# Title: Effective Resistance Calculations with Julia
## Author: Joe Malone

## Introduction:
Using effective resistance to calculate the connectivity of a graph is a [commonly studied topic](https://www.nas.ewi.tudelft.nl/people/Piet/papers/LAA_2011_EffectiveResistance.pdf) in graph theory. It's applications can be used in recommender systems or any research that desires to know how closely related two nodes of a graph are. One of the main focuses of research in effective resistance relies on calculating effective resistance quickly and efficiently. This amounts to solving a Laplacian system of equations quickly and efficiently. Daniel Spielman and Shang Hua-Teng have been able to break through what was the previously supposed limit for run time of effective resistance calculators. They developed a [nearly-linear time solver](https://arxiv.org/abs/cs/0310051) for linear systems based off of previous work in graph theory. Daniel Spielman has written a library that includes this solver among others in the Laplacians.jl library for Julia.

## Libraries Used:
* [IPython](https://ipython.org/)
* [Julia](https://julialang.org/)
* [Laplacians](https://github.com/danspielman/Laplacians.jl)

## Abstract:

This project will examine the efficacy of the Laplacians library in Julia to calculate effective resistance between nodes in large networks. It will explain the usage of the library and show how to run through the calculations on a simple example at first and will then generalize the methods to more complicated networks. The project will mine data from the citeulike dataset for larger networks and then compare the nearly-linear time system solver to the exact solver to see which is quicker and more accurate. The last part of the project will allow readers to try creating different graphs and using the solver to calculate effective resistance between nodes. The project is mostly focused on displaying some of the capabilities of Julia and the Laplacians library.
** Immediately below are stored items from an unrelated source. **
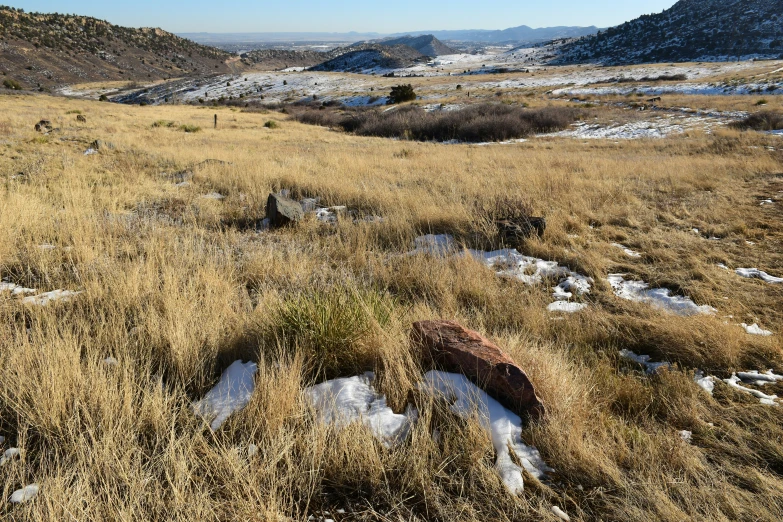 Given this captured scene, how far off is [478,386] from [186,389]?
1623 millimetres

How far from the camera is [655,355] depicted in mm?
3121

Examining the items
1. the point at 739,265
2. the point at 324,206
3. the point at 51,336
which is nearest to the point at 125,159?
the point at 324,206

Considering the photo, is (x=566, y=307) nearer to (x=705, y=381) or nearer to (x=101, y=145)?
(x=705, y=381)

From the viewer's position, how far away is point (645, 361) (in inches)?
121

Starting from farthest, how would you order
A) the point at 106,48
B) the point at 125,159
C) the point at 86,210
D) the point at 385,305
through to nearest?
the point at 106,48 < the point at 125,159 < the point at 86,210 < the point at 385,305

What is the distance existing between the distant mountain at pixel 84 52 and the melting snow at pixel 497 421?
219 ft

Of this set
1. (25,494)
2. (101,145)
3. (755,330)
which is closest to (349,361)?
(25,494)

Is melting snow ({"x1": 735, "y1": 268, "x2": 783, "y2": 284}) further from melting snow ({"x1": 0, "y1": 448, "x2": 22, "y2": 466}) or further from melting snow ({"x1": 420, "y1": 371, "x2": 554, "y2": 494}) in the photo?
melting snow ({"x1": 0, "y1": 448, "x2": 22, "y2": 466})

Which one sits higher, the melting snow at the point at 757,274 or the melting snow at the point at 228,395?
the melting snow at the point at 228,395

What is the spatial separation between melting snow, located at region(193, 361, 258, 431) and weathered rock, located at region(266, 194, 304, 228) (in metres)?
3.51

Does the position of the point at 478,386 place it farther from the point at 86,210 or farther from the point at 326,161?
the point at 326,161

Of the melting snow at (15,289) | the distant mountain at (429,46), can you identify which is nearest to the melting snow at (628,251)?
the melting snow at (15,289)

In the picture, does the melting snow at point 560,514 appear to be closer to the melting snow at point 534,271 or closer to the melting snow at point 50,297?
the melting snow at point 534,271

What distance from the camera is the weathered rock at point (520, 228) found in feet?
17.8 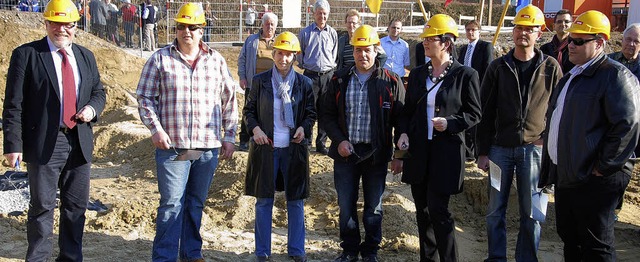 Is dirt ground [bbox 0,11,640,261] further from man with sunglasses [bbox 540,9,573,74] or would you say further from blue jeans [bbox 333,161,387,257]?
man with sunglasses [bbox 540,9,573,74]

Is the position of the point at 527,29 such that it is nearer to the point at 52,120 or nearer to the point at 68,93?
the point at 68,93

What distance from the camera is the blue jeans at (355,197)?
5.46 metres

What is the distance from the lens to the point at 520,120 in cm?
513

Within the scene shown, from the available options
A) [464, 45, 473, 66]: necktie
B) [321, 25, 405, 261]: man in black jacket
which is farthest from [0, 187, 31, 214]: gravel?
[464, 45, 473, 66]: necktie

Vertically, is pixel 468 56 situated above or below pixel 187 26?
below

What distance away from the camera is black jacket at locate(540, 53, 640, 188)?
406 centimetres

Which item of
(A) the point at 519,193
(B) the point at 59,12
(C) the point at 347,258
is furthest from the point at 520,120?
(B) the point at 59,12

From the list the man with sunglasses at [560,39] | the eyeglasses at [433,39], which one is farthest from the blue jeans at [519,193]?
the man with sunglasses at [560,39]

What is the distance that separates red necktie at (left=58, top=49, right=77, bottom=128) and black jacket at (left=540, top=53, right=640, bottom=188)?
348 cm

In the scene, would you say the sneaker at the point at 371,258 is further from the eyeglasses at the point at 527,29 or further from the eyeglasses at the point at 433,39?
the eyeglasses at the point at 527,29

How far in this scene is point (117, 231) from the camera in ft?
21.0

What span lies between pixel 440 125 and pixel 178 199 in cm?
208

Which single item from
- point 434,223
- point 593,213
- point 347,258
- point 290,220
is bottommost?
point 347,258

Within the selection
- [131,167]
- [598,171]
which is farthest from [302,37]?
[598,171] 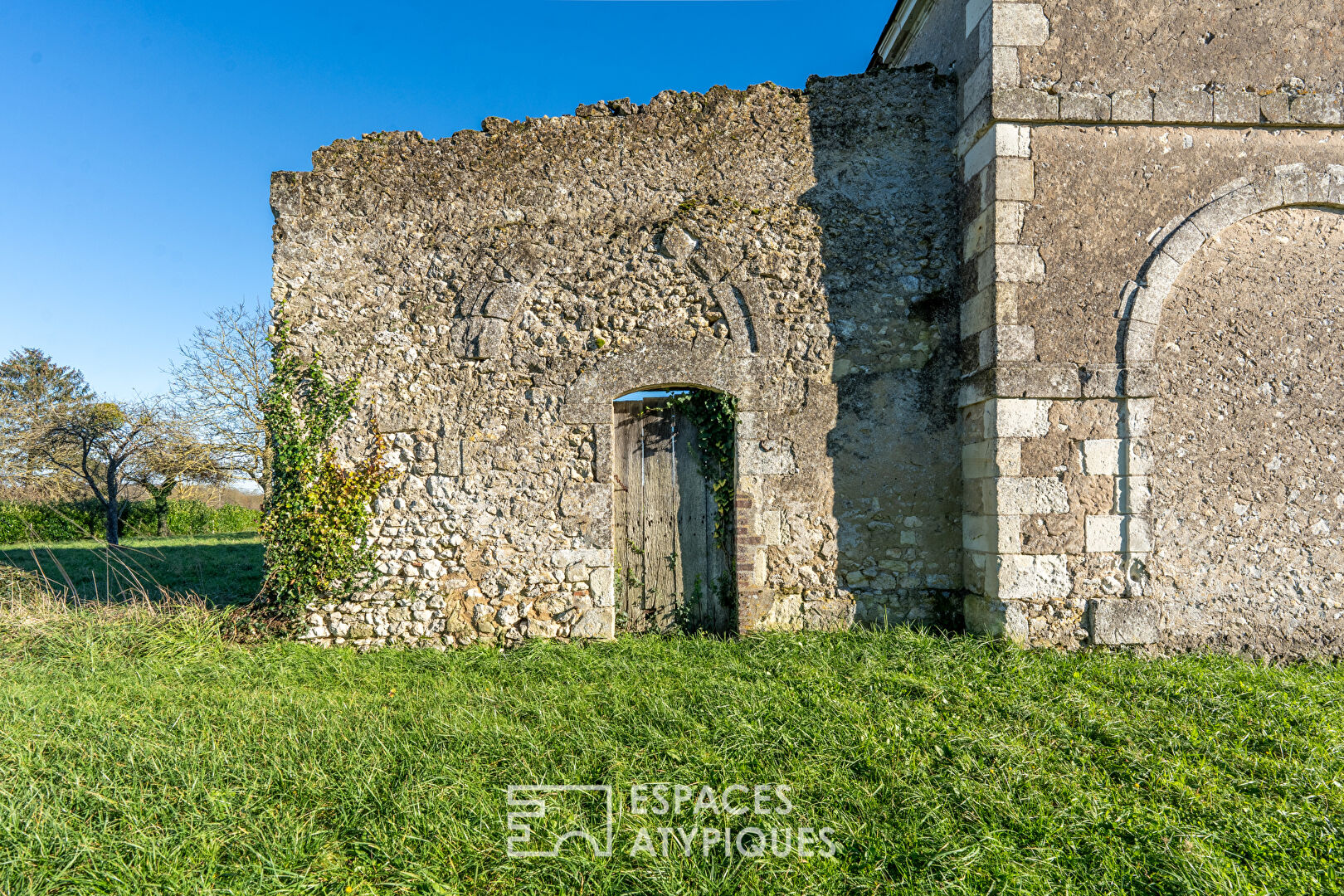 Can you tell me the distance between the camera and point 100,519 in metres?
16.8

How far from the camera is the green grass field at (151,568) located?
6664 millimetres

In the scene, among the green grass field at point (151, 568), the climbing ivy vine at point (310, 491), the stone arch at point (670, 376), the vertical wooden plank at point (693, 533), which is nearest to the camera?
the climbing ivy vine at point (310, 491)

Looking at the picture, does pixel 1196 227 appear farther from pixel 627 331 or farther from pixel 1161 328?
pixel 627 331

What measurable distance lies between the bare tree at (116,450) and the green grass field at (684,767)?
10125 mm

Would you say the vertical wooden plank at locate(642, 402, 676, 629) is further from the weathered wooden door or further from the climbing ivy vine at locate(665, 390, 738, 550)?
the climbing ivy vine at locate(665, 390, 738, 550)

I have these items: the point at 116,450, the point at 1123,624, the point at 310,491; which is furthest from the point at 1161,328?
the point at 116,450

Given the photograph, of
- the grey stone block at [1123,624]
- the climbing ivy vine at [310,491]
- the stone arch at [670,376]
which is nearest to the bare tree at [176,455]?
the climbing ivy vine at [310,491]

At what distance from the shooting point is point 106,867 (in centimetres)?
247

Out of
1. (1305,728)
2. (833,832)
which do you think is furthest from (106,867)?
(1305,728)

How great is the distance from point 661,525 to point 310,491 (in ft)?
8.93

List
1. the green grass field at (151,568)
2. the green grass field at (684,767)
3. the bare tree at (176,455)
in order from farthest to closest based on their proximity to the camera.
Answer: the bare tree at (176,455), the green grass field at (151,568), the green grass field at (684,767)

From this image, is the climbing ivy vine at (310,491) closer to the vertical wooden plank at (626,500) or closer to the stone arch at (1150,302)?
the vertical wooden plank at (626,500)

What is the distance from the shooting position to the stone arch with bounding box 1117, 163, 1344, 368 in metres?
4.65

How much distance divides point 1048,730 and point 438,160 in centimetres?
575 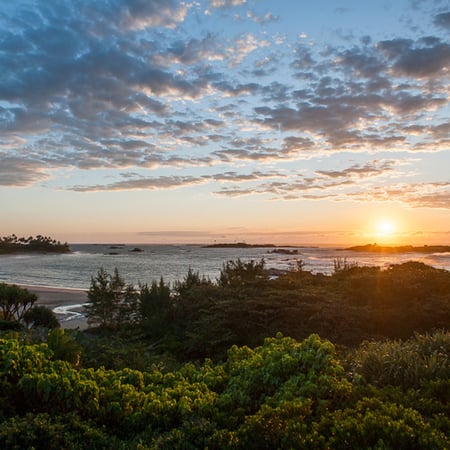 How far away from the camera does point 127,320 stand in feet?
53.6

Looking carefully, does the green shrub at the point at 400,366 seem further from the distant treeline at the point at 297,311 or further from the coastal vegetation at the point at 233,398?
the distant treeline at the point at 297,311

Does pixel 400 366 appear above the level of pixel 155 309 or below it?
above

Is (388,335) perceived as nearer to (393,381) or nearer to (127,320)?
(393,381)

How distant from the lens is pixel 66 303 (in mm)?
28547

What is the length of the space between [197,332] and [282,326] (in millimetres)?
2142

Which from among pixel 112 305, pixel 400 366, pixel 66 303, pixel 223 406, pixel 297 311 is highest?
pixel 400 366

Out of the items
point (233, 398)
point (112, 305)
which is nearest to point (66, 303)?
point (112, 305)

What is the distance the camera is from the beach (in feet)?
70.6

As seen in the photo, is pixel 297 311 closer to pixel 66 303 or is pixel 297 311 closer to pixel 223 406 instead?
pixel 223 406

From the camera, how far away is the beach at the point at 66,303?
21.5 meters

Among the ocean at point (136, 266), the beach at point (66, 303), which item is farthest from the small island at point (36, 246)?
the beach at point (66, 303)

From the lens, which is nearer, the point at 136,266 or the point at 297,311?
the point at 297,311

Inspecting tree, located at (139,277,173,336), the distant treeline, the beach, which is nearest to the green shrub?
the distant treeline

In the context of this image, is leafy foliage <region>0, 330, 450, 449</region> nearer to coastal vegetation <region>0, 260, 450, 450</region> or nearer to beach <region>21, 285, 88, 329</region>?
coastal vegetation <region>0, 260, 450, 450</region>
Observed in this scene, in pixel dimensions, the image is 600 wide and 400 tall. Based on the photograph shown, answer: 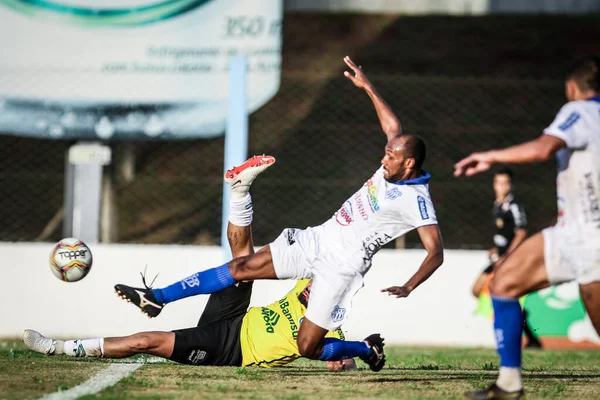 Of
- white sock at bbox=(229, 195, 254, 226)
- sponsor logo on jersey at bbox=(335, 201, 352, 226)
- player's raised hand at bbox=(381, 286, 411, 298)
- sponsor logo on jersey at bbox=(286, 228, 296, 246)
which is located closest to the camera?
player's raised hand at bbox=(381, 286, 411, 298)

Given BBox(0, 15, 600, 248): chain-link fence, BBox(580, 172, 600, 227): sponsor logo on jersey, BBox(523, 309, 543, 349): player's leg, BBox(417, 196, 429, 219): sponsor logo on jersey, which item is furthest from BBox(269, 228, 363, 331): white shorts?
BBox(0, 15, 600, 248): chain-link fence

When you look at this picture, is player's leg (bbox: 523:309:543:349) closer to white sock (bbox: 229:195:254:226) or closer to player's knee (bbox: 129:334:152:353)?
white sock (bbox: 229:195:254:226)

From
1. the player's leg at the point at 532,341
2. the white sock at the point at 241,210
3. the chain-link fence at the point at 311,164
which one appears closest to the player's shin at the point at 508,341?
the white sock at the point at 241,210

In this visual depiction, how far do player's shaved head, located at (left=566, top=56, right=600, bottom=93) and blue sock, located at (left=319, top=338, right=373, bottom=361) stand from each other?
104 inches

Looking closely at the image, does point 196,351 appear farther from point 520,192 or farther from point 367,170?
point 520,192

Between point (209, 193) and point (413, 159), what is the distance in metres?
10.1

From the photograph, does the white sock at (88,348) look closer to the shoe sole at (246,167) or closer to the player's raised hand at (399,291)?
the shoe sole at (246,167)

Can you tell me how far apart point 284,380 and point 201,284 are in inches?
39.2

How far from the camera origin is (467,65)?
886 inches

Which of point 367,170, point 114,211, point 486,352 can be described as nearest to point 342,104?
point 367,170

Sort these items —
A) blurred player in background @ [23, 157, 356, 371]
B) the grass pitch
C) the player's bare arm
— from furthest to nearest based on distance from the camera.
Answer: blurred player in background @ [23, 157, 356, 371], the player's bare arm, the grass pitch

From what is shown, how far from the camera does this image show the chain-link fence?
47.4 feet

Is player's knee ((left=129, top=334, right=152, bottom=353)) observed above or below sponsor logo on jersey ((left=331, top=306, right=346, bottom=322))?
below

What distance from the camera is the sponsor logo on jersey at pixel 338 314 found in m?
7.21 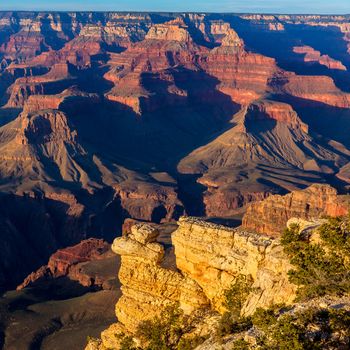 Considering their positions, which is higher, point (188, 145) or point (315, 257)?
point (315, 257)

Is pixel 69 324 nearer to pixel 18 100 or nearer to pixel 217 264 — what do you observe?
pixel 217 264

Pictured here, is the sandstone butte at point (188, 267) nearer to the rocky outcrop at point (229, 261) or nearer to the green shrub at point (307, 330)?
the rocky outcrop at point (229, 261)

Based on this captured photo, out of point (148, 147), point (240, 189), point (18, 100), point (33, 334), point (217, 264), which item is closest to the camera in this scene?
point (217, 264)

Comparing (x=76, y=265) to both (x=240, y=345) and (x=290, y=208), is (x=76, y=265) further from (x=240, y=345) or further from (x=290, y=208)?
(x=240, y=345)

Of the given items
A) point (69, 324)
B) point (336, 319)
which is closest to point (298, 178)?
point (69, 324)

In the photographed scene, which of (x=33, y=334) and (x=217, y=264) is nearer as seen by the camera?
(x=217, y=264)

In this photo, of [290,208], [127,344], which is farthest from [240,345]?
[290,208]

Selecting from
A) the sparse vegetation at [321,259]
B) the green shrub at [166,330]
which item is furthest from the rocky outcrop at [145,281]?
the sparse vegetation at [321,259] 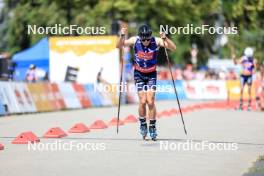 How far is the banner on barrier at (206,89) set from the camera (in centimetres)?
4162

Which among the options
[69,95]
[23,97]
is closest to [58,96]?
[69,95]

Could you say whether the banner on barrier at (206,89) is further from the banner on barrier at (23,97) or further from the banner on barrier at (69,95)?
the banner on barrier at (23,97)

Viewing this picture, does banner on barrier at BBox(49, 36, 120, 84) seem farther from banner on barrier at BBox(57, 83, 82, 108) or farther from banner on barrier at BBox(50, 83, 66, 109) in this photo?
banner on barrier at BBox(50, 83, 66, 109)

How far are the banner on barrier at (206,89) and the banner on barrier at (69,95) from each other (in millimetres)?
14553

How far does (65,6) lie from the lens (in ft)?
171

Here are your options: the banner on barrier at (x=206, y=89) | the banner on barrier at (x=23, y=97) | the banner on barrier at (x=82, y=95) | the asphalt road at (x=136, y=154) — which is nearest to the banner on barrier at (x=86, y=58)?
the banner on barrier at (x=82, y=95)

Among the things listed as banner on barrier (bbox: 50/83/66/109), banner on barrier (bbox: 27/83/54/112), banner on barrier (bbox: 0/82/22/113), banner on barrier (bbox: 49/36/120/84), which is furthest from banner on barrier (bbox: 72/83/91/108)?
banner on barrier (bbox: 0/82/22/113)

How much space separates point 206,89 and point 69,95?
15.5 m

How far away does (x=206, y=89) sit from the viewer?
42031mm

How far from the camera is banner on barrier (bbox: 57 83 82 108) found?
90.7 feet

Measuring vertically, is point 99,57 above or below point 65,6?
below

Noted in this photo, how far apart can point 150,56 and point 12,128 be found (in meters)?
5.13

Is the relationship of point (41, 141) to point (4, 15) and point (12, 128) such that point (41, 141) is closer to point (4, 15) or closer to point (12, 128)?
point (12, 128)

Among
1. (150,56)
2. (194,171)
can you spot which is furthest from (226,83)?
(194,171) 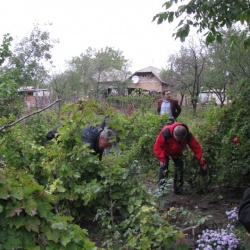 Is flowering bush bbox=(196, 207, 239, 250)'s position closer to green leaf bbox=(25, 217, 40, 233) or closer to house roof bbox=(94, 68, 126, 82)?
green leaf bbox=(25, 217, 40, 233)

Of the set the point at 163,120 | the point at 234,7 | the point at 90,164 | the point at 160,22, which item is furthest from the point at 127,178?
the point at 163,120

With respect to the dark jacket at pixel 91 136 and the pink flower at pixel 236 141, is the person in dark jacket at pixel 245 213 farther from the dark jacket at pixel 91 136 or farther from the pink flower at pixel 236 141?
the pink flower at pixel 236 141

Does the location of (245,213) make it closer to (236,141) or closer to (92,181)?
(92,181)

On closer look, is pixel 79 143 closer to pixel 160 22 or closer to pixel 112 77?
pixel 160 22

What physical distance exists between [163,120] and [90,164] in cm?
365

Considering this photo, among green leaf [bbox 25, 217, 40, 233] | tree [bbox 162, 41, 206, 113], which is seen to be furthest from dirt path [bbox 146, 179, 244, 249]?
tree [bbox 162, 41, 206, 113]

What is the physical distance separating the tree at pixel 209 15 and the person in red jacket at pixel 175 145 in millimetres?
1331

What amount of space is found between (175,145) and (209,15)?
6.44 feet

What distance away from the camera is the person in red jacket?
541cm

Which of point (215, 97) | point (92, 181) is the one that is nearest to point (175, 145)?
point (92, 181)

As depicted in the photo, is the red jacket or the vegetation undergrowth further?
the red jacket

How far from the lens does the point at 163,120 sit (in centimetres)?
790

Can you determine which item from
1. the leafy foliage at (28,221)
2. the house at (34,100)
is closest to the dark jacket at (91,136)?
the leafy foliage at (28,221)

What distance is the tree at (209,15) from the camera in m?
4.37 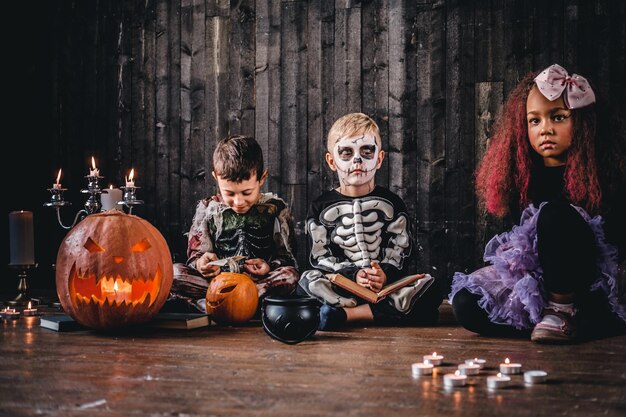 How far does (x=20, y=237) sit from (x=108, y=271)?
1.19 m

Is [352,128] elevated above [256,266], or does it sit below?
above

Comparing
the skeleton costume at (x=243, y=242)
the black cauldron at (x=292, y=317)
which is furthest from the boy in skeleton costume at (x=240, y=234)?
the black cauldron at (x=292, y=317)

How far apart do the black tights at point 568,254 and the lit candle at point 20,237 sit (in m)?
2.34

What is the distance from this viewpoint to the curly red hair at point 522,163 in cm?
270

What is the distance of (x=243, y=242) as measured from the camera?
3.33 meters

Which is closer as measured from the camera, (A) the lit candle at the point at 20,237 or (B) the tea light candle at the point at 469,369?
(B) the tea light candle at the point at 469,369

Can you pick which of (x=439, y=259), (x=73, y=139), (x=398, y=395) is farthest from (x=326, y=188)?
(x=398, y=395)

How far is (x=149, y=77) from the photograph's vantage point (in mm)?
4859

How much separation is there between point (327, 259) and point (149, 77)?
2.22 meters

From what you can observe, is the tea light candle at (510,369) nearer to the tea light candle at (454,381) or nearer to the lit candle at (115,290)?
the tea light candle at (454,381)

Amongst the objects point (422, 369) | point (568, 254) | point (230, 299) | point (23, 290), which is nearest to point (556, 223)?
point (568, 254)

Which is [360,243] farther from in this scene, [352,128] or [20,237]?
[20,237]

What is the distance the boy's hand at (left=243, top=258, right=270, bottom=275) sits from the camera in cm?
325

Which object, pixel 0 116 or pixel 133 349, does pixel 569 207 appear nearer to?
pixel 133 349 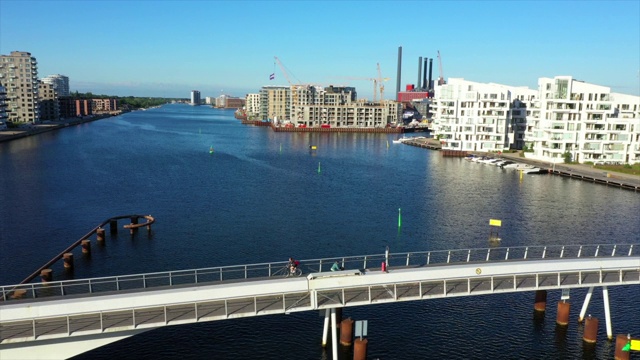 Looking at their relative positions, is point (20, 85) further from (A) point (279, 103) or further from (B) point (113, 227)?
(B) point (113, 227)

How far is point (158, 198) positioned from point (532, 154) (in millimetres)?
64257

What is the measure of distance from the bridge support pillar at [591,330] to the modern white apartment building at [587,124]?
2519 inches

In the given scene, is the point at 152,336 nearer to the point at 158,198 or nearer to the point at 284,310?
the point at 284,310

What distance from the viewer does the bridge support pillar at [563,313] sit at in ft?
81.5

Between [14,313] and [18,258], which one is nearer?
[14,313]

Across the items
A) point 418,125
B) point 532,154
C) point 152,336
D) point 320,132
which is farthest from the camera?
point 418,125

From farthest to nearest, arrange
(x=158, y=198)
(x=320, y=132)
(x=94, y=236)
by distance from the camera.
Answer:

* [Github Repository](https://github.com/joe-malone/MATH-725-final.git) for This Project
* Note that to run the code, you will need to first run `Pkg.add("Laplacians")`

In [1]:
using Laplacians

## Run through simple example to make sure the solver is working as we expect
Note: This example is based off of a homework problem in MATH 725 at K-State  

The below code creates the adjacency matrix for a simple undirected graph, sparsifies the adjacency matrix, and creates a linear system solver with the function from Laplacians.jl based off of Cholesky factorization of the Laplacian.

In [2]:
# Test the solver with a known solution
# V = { 1, 2, 3, 4, 5 }
# E = {[1,2], [1,4], [2,3], [2,4], [3,4], [3,5], [4,5]}

num_nodes = 5

A = [0 1 0 1 0;
     1 0 1 1 0;
     0 1 0 1 1;
     1 1 1 0 1;
     0 0 1 1 0]

simpleSparseAdj = sparse(A)
solver = cholLap(simpleSparseAdj; verbose=true)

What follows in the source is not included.